UNITED NATIONS: While strongly denouncing Islamophobia at the United Nations, Foreign Minister Bilawal Bhutto-Zardari on Friday said that Muslims across the world are being targeted through "new fascist policies".
The minister's comments came as he opened a special high-level meeting to commemorate International Day to Combat Islamophobia, with a fervent call to everyone — from any religion or creed — to stand together in the fight against hatred, bigotry, and intolerance.
"Hatred is being spread against Muslims under a well-thought-out strategy. Muslims are being targeted because of their religion," the foreign minister stressed, as he noted that the purpose behind bringing matters like hijab into politics is solely to target Islam.
He said that since 9/11, animosity and institutional suspicion of Muslims and Islam across the world escalated to “epidemic proportions”.
"Despite protestations to the contrary," the foreign minister said, "Islam and Muslims are routinely linked to terrorism."
In some cases, he said, the rhetoric of hate and incitement to violence is officially inspired, noting that repeated pogroms of Muslims have been instigated by officially sanctioned neo-fascist policies and ideologies with complete impunity. "The policies and violent actions of those who deny the right of self-determination of Muslim peoples represent the worst manifestations of Islamophobia today."
"Unfortunately," the foreign minister said, "the virus of islamophobia is spreading faster than we have been able to react.
"Not even the greatest democracies are immune. We have witnessed democratic societies expose Muslim bans. So-called free societies allow for the discretion of holy texts and holy sites."
"Even my region is not immune to democratic secular societies under the threat of being transformed into religious and islamophobic states," the foreign minister said.
"Today, we must renew our resolve to build an inclusive society where different cultures and beliefs are celebrated and diversity is embraced. We can ill afford to ignore dangerous ideologies and acts dividing us as humanity," he added.
The declaration of March 15 as an International Day to Combat Islamophobia by the General Assembly is a demonstration of global solidarity with both known and unknown victims of Islamophobia, FM Bilawal said.
Prophet Muhammad (PBUH) taught Muslims to treat everyone with dignity and respect regardless of race, culture, gender or religion, the foreign minister said, but noted that unfounded phobia of Islam and its adherents is a sad reality, and the challenge was deeply rooted.
Since colonial times, he said, the entrenched notions that depict Muslims and their beliefs as cultural “others” and “threats” have served to perpetuate, validate and normalise Islamophobia and anti-Muslim hatred.
"This Islamophobic narrative is not just confined to an extremist marginal propaganda but regrettably, has found acceptance by section of mainstream media, academia, policy-makers and state machinery."
"Islamophobia is therefore being constantly fueled by structural discrimination, xenophobia, and negative stereotyping of Muslims and their faith," he added.
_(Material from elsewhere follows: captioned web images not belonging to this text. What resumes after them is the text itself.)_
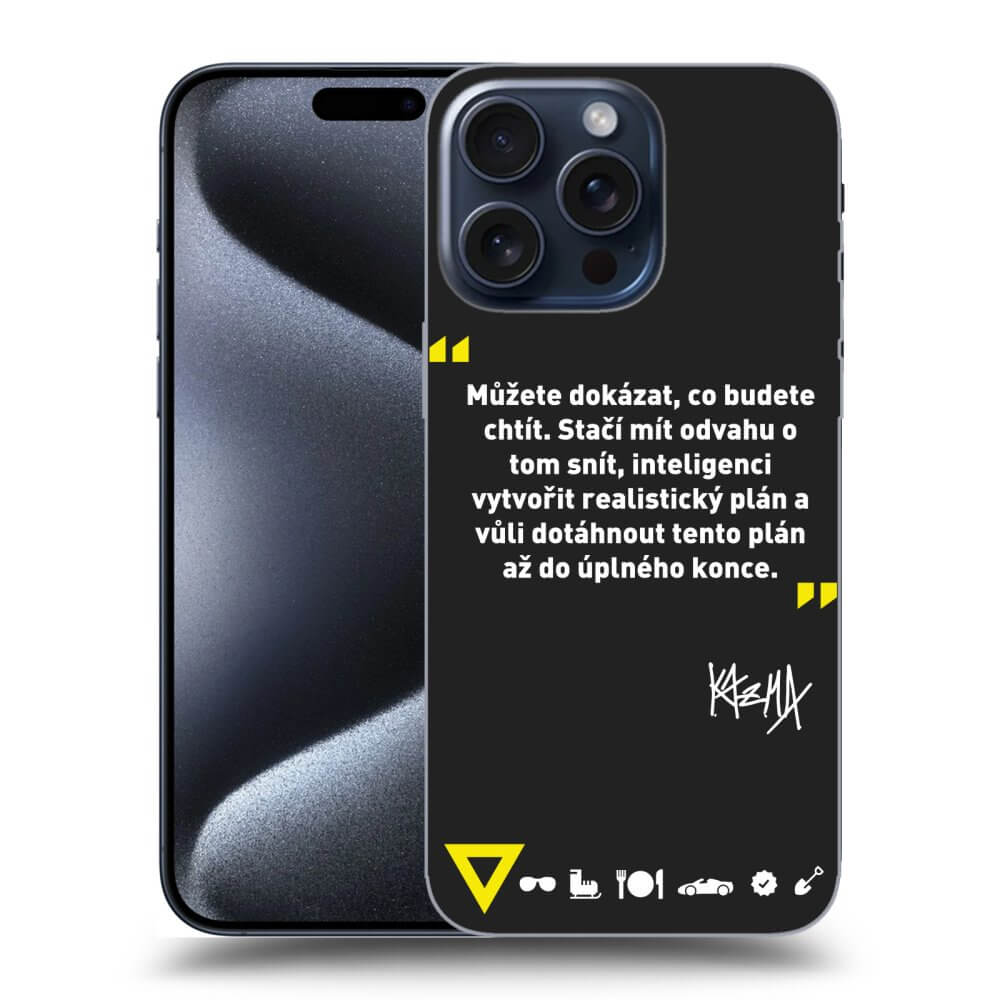 Picasee silikónový čierny obal pre Apple iPhone 16 Pro Max - Kazma - MŮŽETE DOKÁZAT, CO BUDETE CHTÍT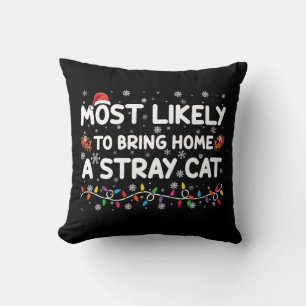Most Likely To Bring Home A Stray Cat Christmas Throw Pillow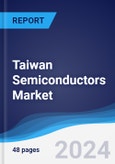 Taiwan Semiconductors Market Summary, Competitive Analysis and Forecast to 2028- Product Image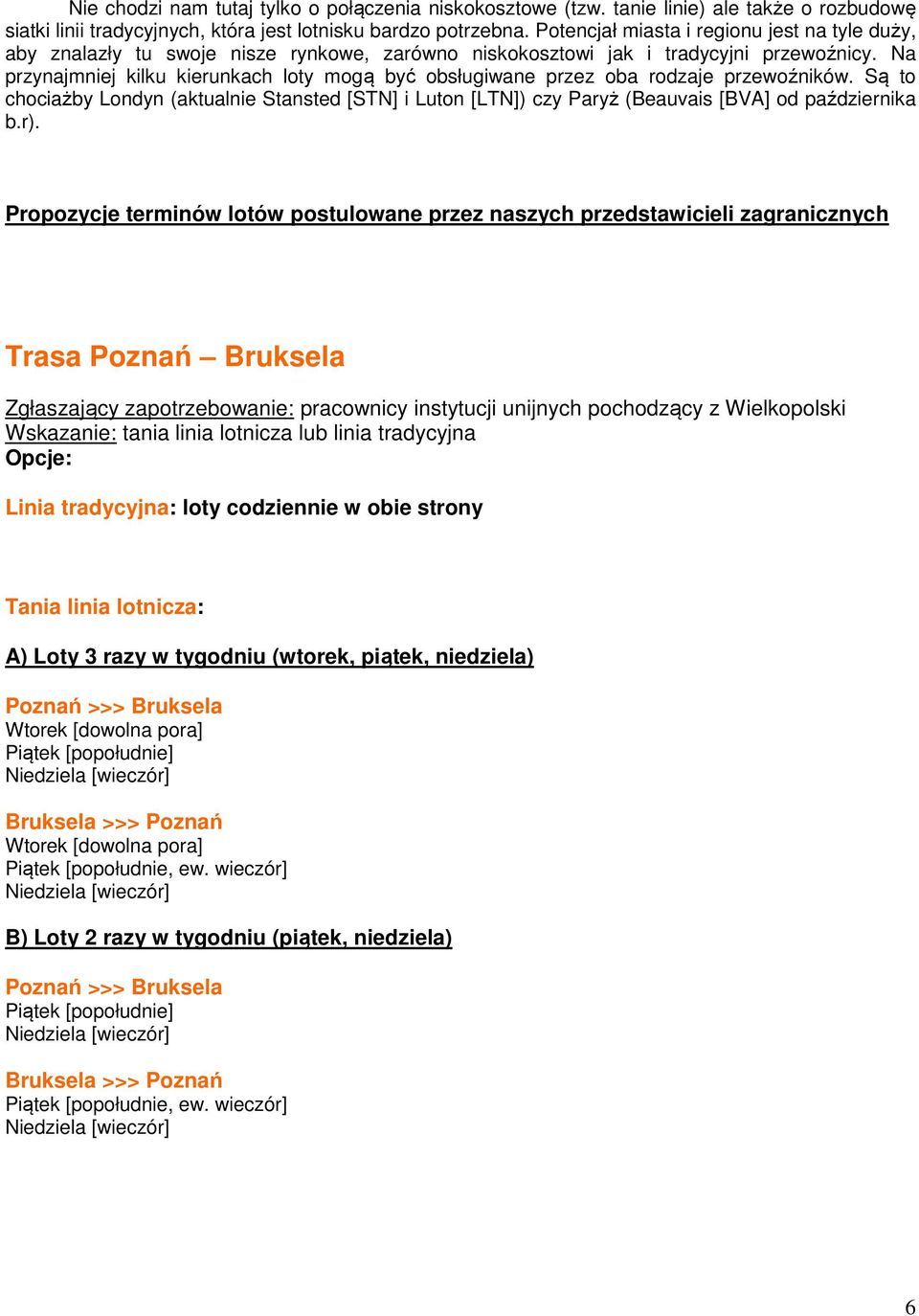 Na przynajmniej kilku kierunkach loty mogą być obsługiwane przez oba rodzaje przewoźników. Są to chociażby Londyn (aktualnie Stansted [STN] i Luton [LTN]) czy Paryż (Beauvais [BVA] od października b.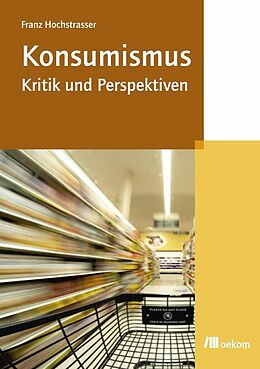E-Book (pdf) Konsumismus von Franz Hochstrasser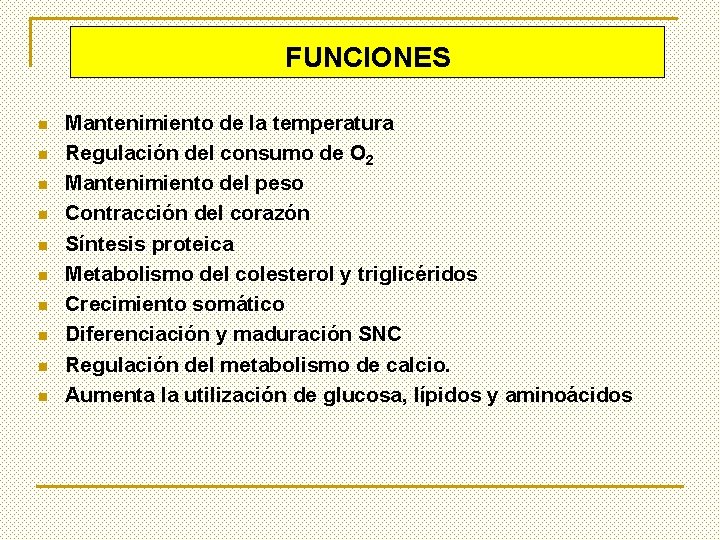 FUNCIONES n n n n n Mantenimiento de la temperatura Regulación del consumo de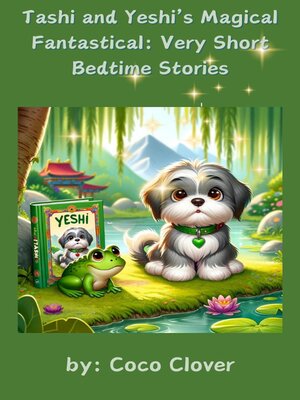 cover image of Tashi and Yeshi's Magical Fantastical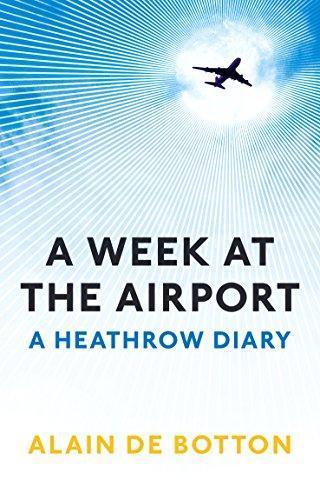 Cover of A Week at the Airport: A Heathrow Diary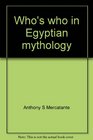 Who's who in Egyptian mythology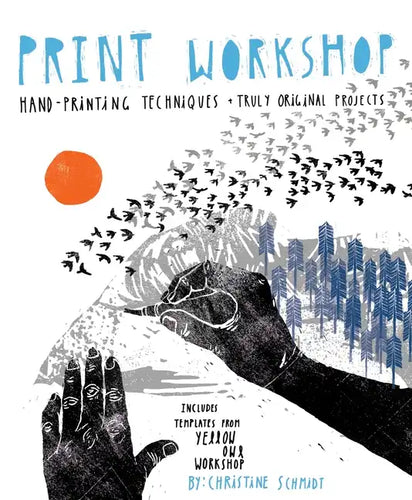 Print Workshop: Hand-Printing Techniques + Truly Original Projects - Paperback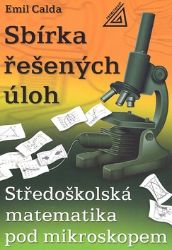 Středoškolská matematika pod mikroskopem - Sbírka řešených příkladů - Emil Calda - Matematika a fyzika Středoškolská matematika pod mikroskopem - Sbírka řešených příkladů
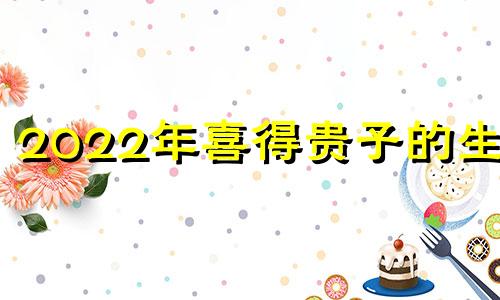 2022年喜得贵子的生肖 2020年喜得贵子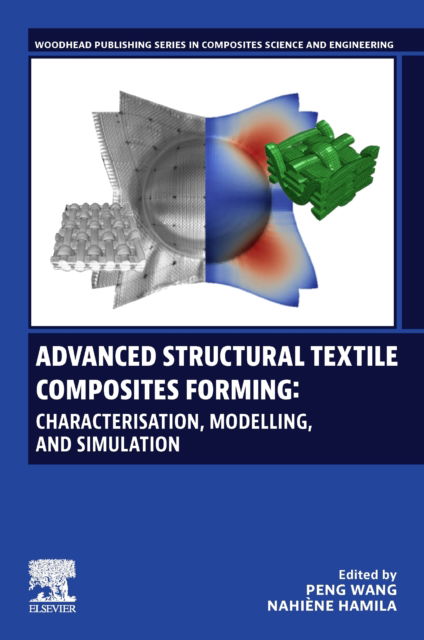 Cover for Advanced Structural Textile Composites Forming: Characterization, Modeling, and Simulation - Woodhead Publishing Series in Composites Science and Engineering (Paperback Book) (2024)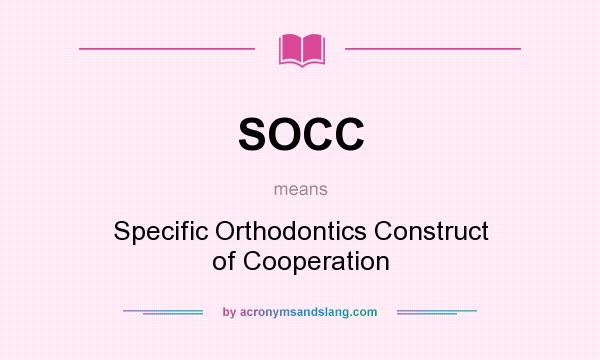 What does SOCC mean? It stands for Specific Orthodontics Construct of Cooperation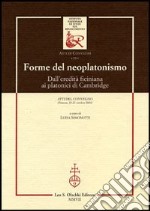 Forme del neoplatonismo. Dall'eredità ficiniana ai platonici di Cambridge. Atti del Convegno (Firenze, 25-27 ottobre 2001) libro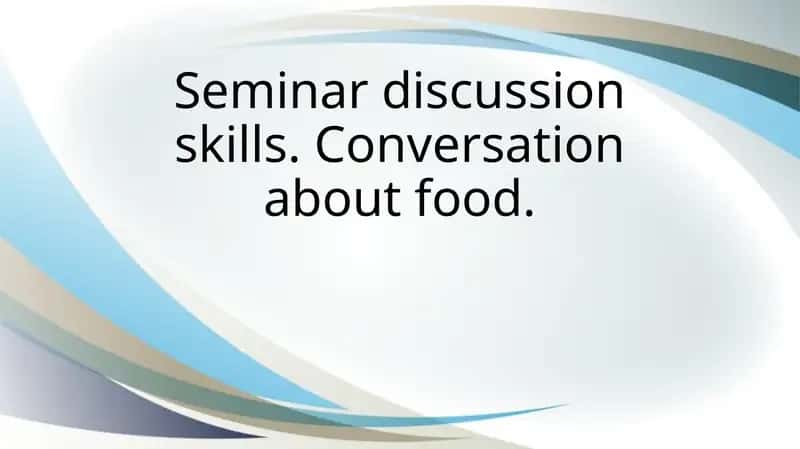 Seminar discussion skills. Conversation about food 1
"Today," Bilawal went on to say, "we must renew our resolve to build inclusive societies where different cultures and beliefs are celebrated and diversity embraced. We can ill afford to ignore dangerous ideologies and acts dividing us as humanity."
The meeting is co-convened by the Office of the President of the General Assembly and Pakistan in its capacity as the Chair of the Organisation of Islamic Cooperation (OIC) Council of Foreign Ministers.
Last year, the 193-member Assembly adopted resolution 76/254 designating March 15 as the International Day to Combat Islamophobia.
Csaba Korosi, the assembly's president, UN Secretary-General Antonio Guterres, and High Representative of the UN Alliance of Civilisations (UNAOC) Miguel Moratinos, and others were present at the meeting.
OIC Secretary-General Hissein Brahim Taham and the UN Special Rapporteur on Freedom of Religion or Belief, Nazila Ghanea, were due to address by video link.